We need 5 young vine leaves, 5 colorful peppers, 5 large onions, 4 courgettes, 4 medium tomatoes, 5 chard leaves, 1 kg of mixed minced meat (pork and beef, and even better if there is also the meat of small ruminants or mutton), up to 50 dags of rice for risottos, marjoram, thyme, curry, lots of chopped garlic and parsley, salt and pepper, olive oil, water.

Peel the vegetables and remove the seeds from the peppers. Cut the courgettes in half and dig them out, as well as the tomatoes and onions; we keep the courgettes’ content. We also keep the harder stem parts of the chard.
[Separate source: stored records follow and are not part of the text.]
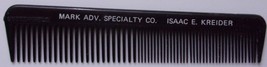 Vintage Unbreakable Mark Adv. Specialty Co. Isaac Kreider Comb Giveaway - $1.99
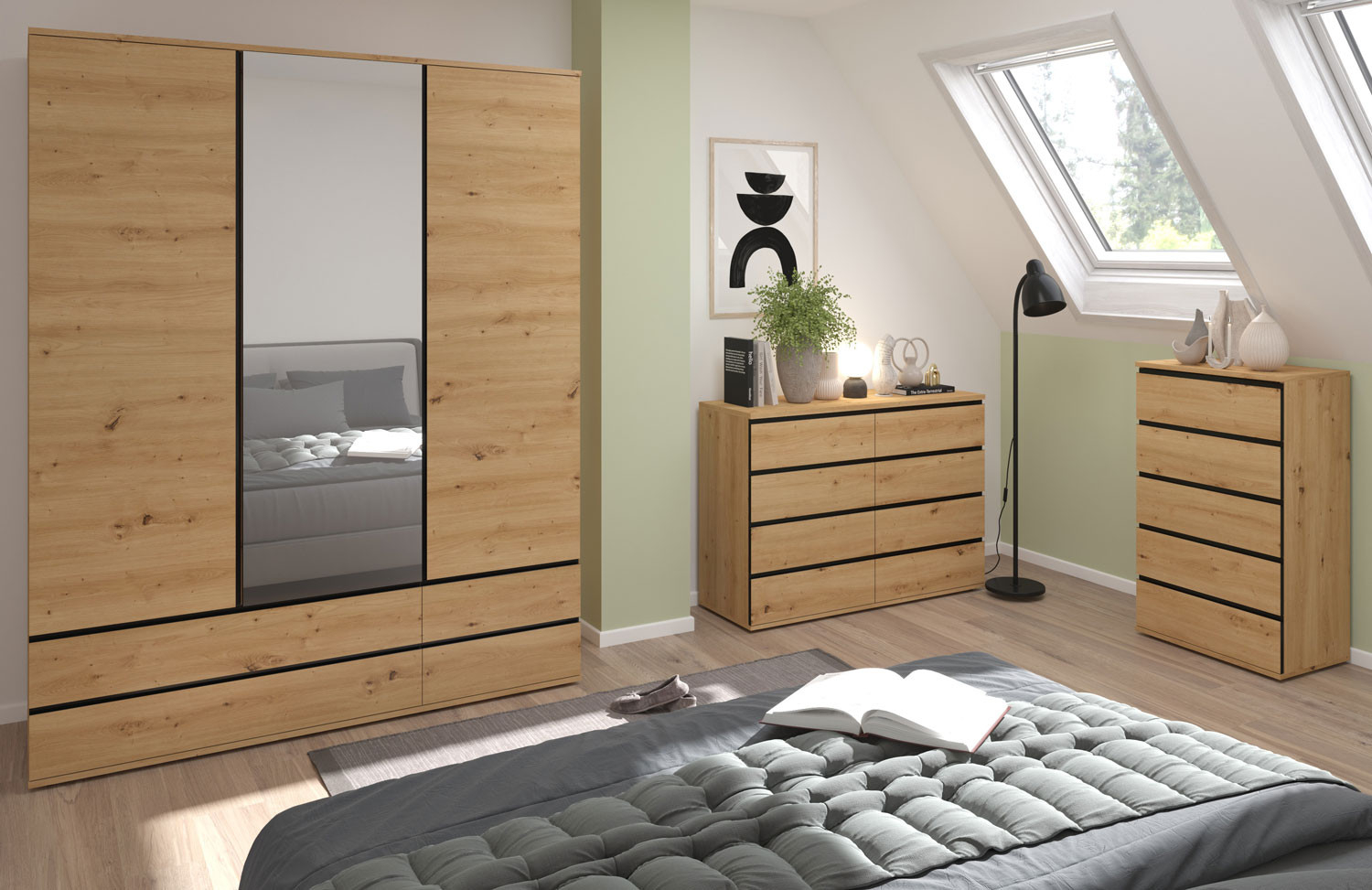 Schlafzimmer-Set Naxos Kleiderschrank Kommode 3Tlg Artisan Eiche Schwarz  Matt with regard to Kleiderschrank Kommode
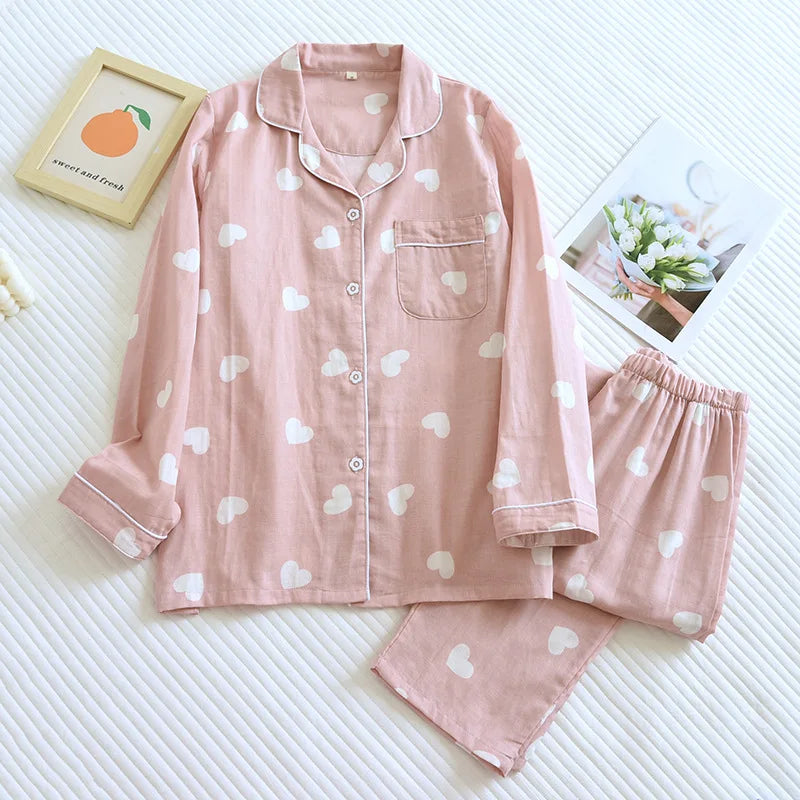 Pyjama femme en coton à grands cœurs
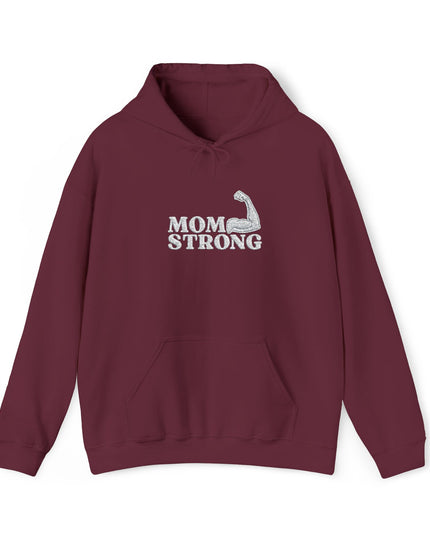 "Mom Strong (White embroidery)" Unisex Heavy Blend Hooded Sweatshirt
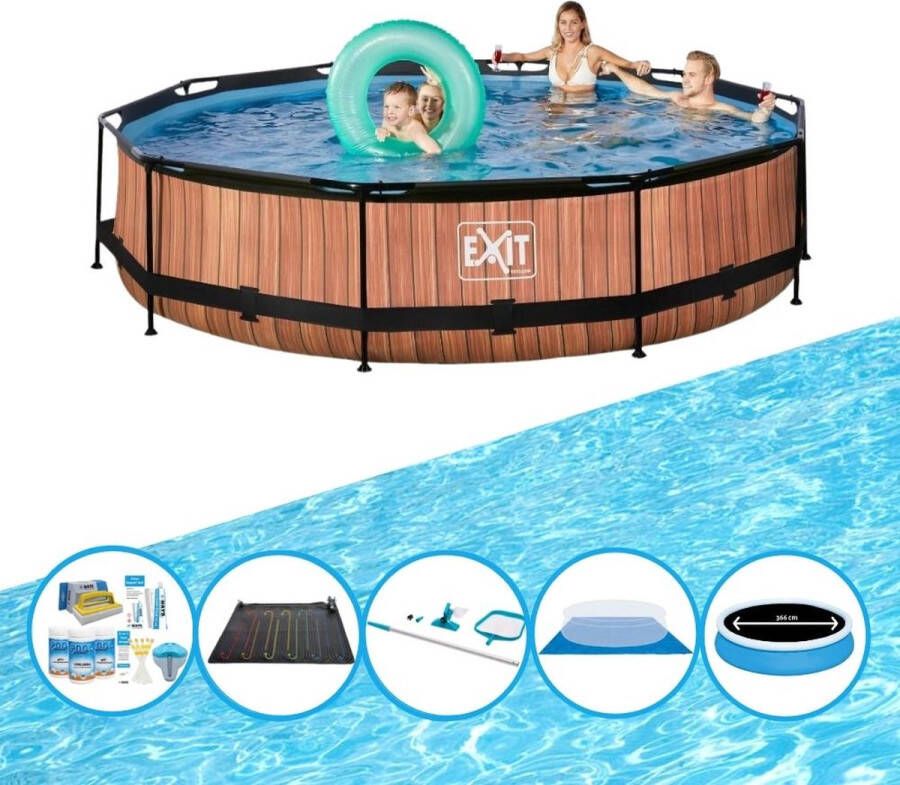 EXIT Toys Exit Zwembad Timber Style Frame Pool ø360x76cm Zwembad Bundel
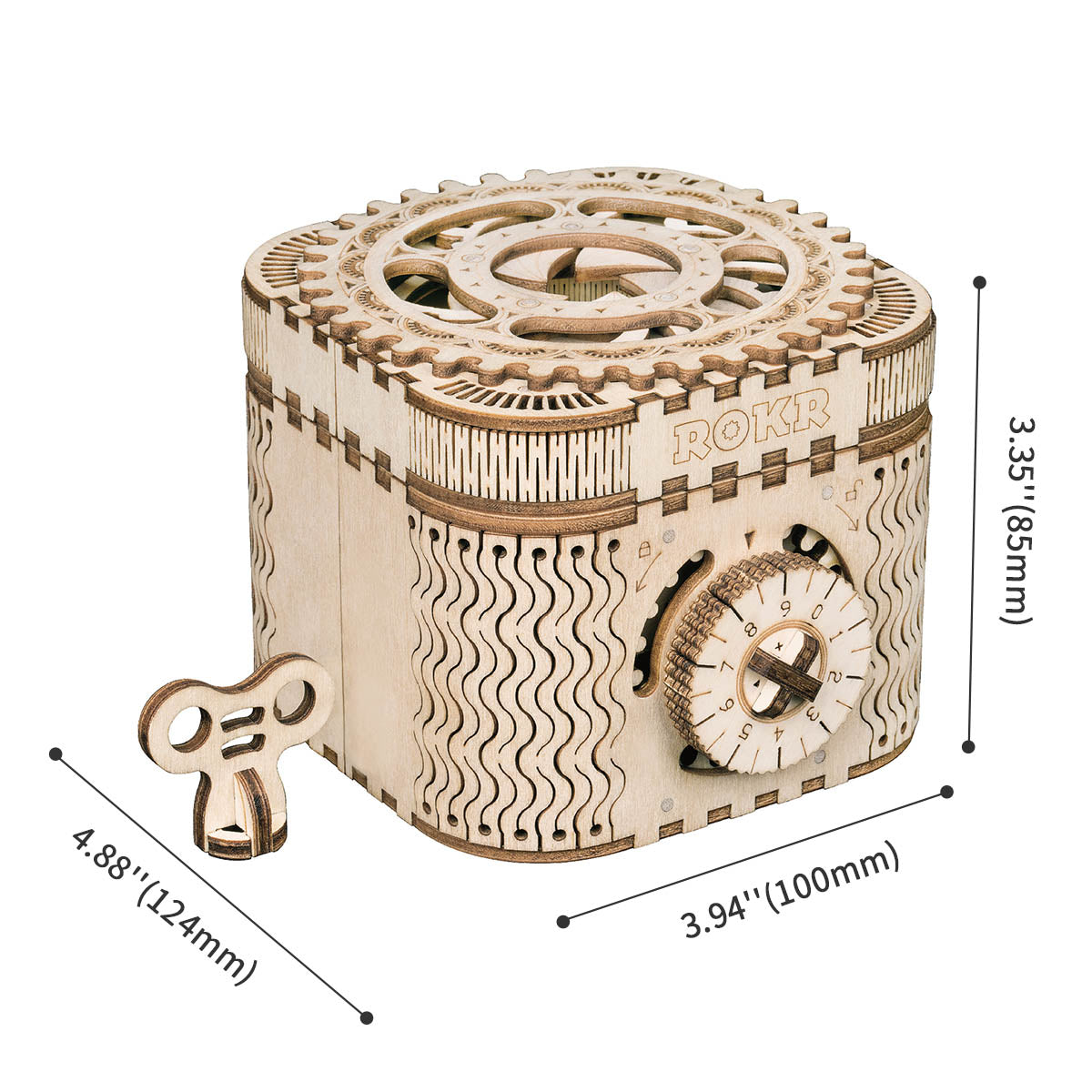 ROKR, Treasure Box Mechanical Gears, LK502, 3D wooden treasure box puzzle, styled scene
Prepare the filling separately: mix the minced contents of the minced parts of onion, tomato and zucchini, garlic and parsley between the minced meat, add salt, pepper, and other spices and mix. Then add the rice, which is previously washed under cold water, mix well again and stuff tomatoes, zucchini, onions and peppers with this mass, or wrap it in chard and vine leaves in a roll ”. We put all this in a large container, in which we place the chard stem at the bottom. Add water to the top of the pan, add extra salt, and cook over medium heat for about an hour. The salinity is checked by tasting the water in which the dolma is cooked. Serve with a yogurt drink – mix yogurt, garlic, and parsley.

Note: Use fresh vine leaves until summer, then blanch them quickly before use.